Si nous étions en démocratie quand tu es né, nous l'étions aussi quand on a décidé de partir, un jour. Un soir en fait, je m'en rappelle. Pendant très longtemps, je me suis persuadée que nous étions partis pour toi et pour ta soeur à venir. Que ce serait mieux là-bas, que vous échapperiez à la moquerie quotidienne, au mépris parfois, au rejet peut être. Je voulais que tu es le choix, tous les choix. Celui d'aller où tu veux, de faire ce que tu veux, de te tromper et de changer, d'aimer qui tu veux. Une idée assez simple de la liberté dans le fond. Je pensais être partie pour toi parce qu'au début j'ai cru que j'avais un prix à payer dans cet exil. J'avais des regrets, enfin un peu. Il me manquait certaines choses, des petites et des grandes. Des paysages, des perspectives... Mais bon, on ne reste pas seulement parce que la vue est belle. 

Ensuite, j'ai pensé que j'étais partie pour moi. Parce que je ne voulais pas faire face, je ne voulais plus revendiquer, expliquer, enseigner la différence. Je ne voulais pas être un cas d'école, une exception qui confirme la règle. Je ne voulais pas affronter ce que je voyais arriver et s'installer : le mépris appliqué de certains, la stigmatisation des autres. Quand on commence à catégoriser les hommes, on en retire l'humain. Je ne voulais plus ouvrir ma gueule et porter l'étiquette de celle qui revendique. Je savais que d'autres le ferait, sûrement mieux que moi. Évidemment mieux que moi. 

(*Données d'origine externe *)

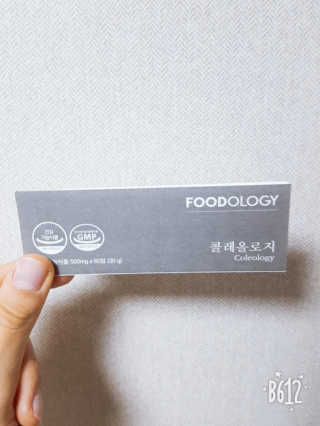 푸드올로지 콜레올로지 — 5점을 준 리뷰어가 2019년 2월 올린 사용 사진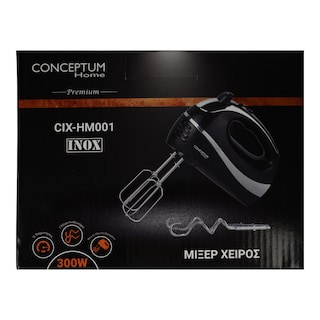 CONCEPTUM | Μίξερ Χειρός Inox HM001 300w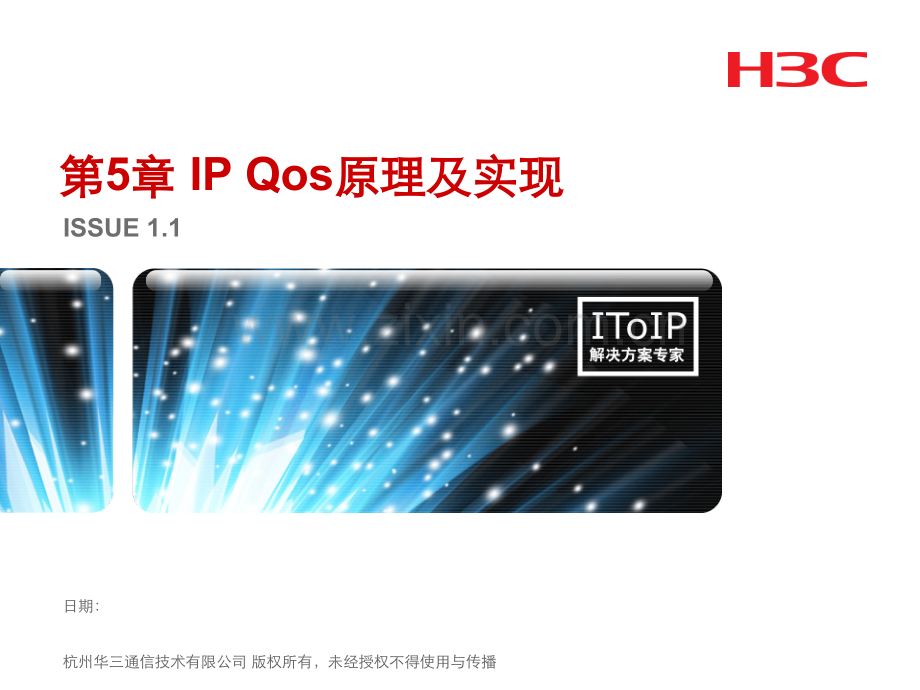 HC-IP-QoS原理及实现.pptx_第1页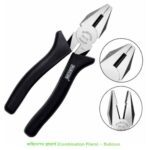 কম্বিনেশন প্লায়ার্স (Combination Pliers) — Rubicon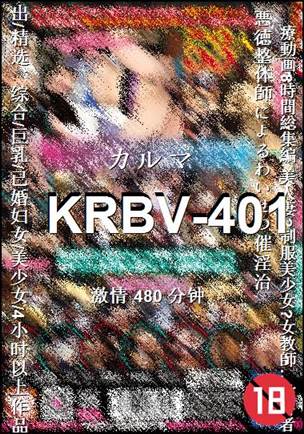 KRBV-401Ѹ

Et puis il y a eu ce jour noir et froid où je n'ai plus rien su du tout. Où j'ai eu peur, où j'ai pleuré, où j'ai été si triste comme jamais. Un jour où je me suis sentie lâche d'être au loin, heureuse dans mon échappée. Lâche de ne pas être restée pour revendiquer, pour expliquer, pour enseigner. On n'est jamais assez nombreux semble-t-il. Un coup aux tripes et au coeur à ne plus savoir ce que sera fait demain à part continuer tout encore plus fort. Ton père m'a dit que non, nous n'étions pas lâches, que chez moi il y avait encore une belle et solide relève, debout. Que chez lui, là-bas, il n'y avait plus personne déjà. Les bras et les cerveaux se sont tous enfuis au loin. Le pays n'existerait plus dans quelques années. Et tu vois, il avait raison, ton nom n'est que le vestige d'une histoire passée, un signet pris dans une page tournée. J'ai décidé de construire ici, d'expliquer ici, d'enseigner ici, de partager ici. Je ne sais pas si c'est plus facile, je suis cependant certaine que des fruits y poussent, que tu pourras les récolter et les porter avec toi. Va semer leurs graines où tu le voudras. Je suis venue ici pour cela, pour faire et pour que tu puisses partir à ton tour si tu le souhaites.

Ce jour-là noir et froid, j'ai détesté avoir peur, j'ai refusé de rejetter. J'en ai voulu à ceux qui ont fait naître en moi ces sentiments. Parce que ce n'était pas moi, ce n'est pas ce que je suis, ce que je fais. J'ai regardé mes mains et la honte ne les tâchait pas. Elles étaient remplies de larmes pourtant. Regarde les tiennes à présent, que fais-tu d'elles? Que feras-tu demain? Où iras-tu, qui les tiendra tes mains? Sauras-tu aimer autant que je t'aime? Mon coeur, je l'espère, car ta seule et unique identité est là : AMOUR.